2019.07.22| Book Review,MountBooks
家の中でも、都会の真ん中でも、筑波山でも。開けば心は、山の世界へ。山がもっと好きになるブックレビューのコーナーです。
表題作は、朝起きるなり「今日は、山へ行こう」と思い立った、とある小説家の1日を描いている。
山といっても自転車でいける近くの里山。装備は不要だが、水は必要だ。おにぎりとチョコボールも買っておこう。
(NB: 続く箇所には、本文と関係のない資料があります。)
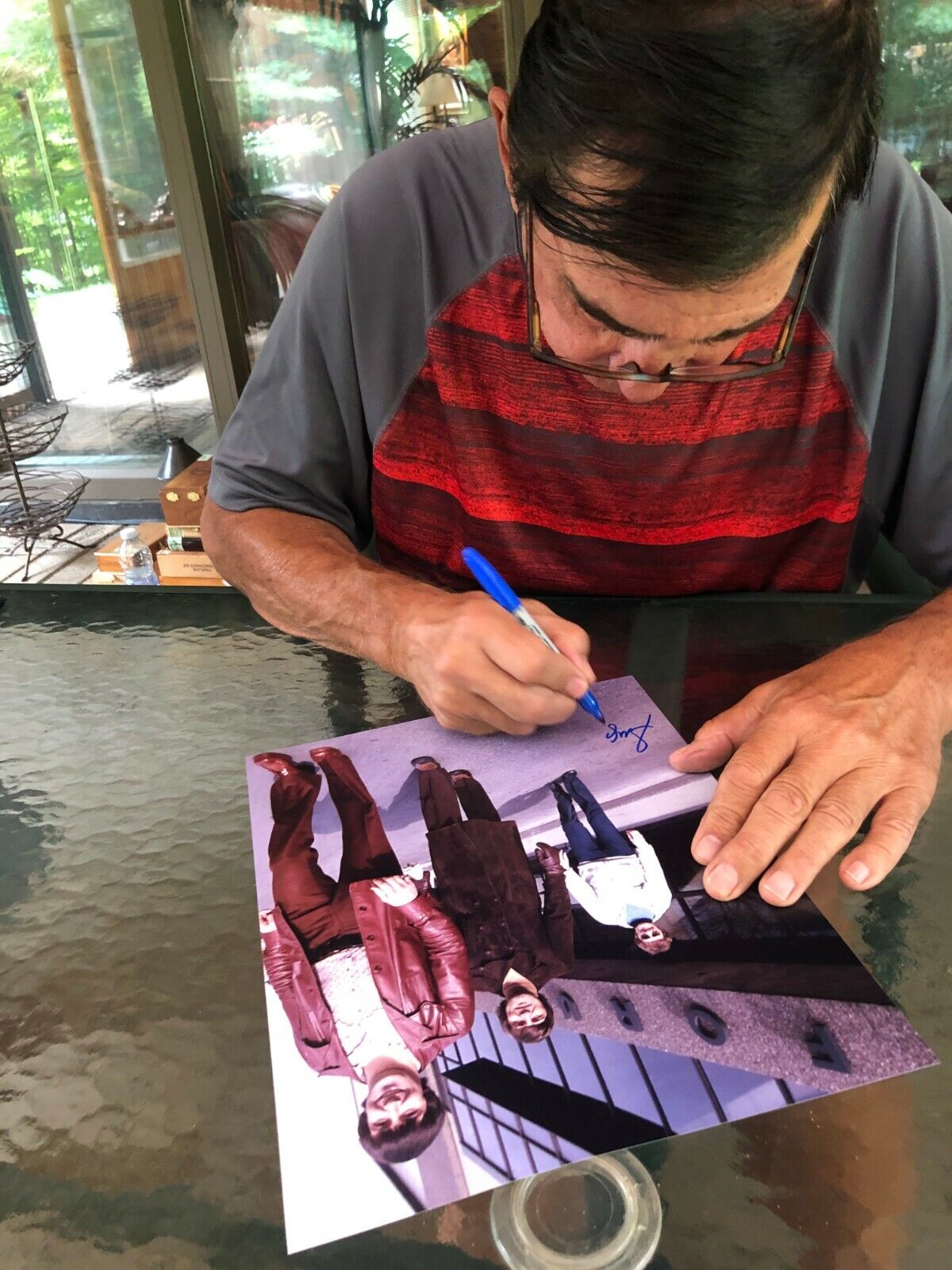 Rondelle autographiée par Serge Savard, membre du Temple de la renommée des Canadiens de Montréal, gravée sur 8 coupes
いそいそと出発するものの、子どもや編集者、電気屋と言った雑事が彼に付きまとい、どうしても山にたどりつけない。切望していた山への想いが、徐々に薄れ、また今度でいいかもと考え始める……。
『山へ行く』は、小説家・生方正臣を狂言回しに据えた連作集である。生方は主役にも脇役にもなるし、知人や家族が主役を務めるエピソードもある。
anywhere but here(ここではないどこか)がすべての作品の共通テーマになっており、過去、現在、未来。日常と非日常がないまぜになる瞬間を人間ドラマ・SF・ファンタジー風味と、さまざまなスタイルで見事にまとめている。
天才の力量を改めて見せつけられるし、この1作で萩尾ワールドのさまざまな側面が味わえる。<ここではないどこか>シリーズは『スフィンクス』『春の小川』と計三冊あり、生方は折々で登場していく。どこから読んだって、面白い。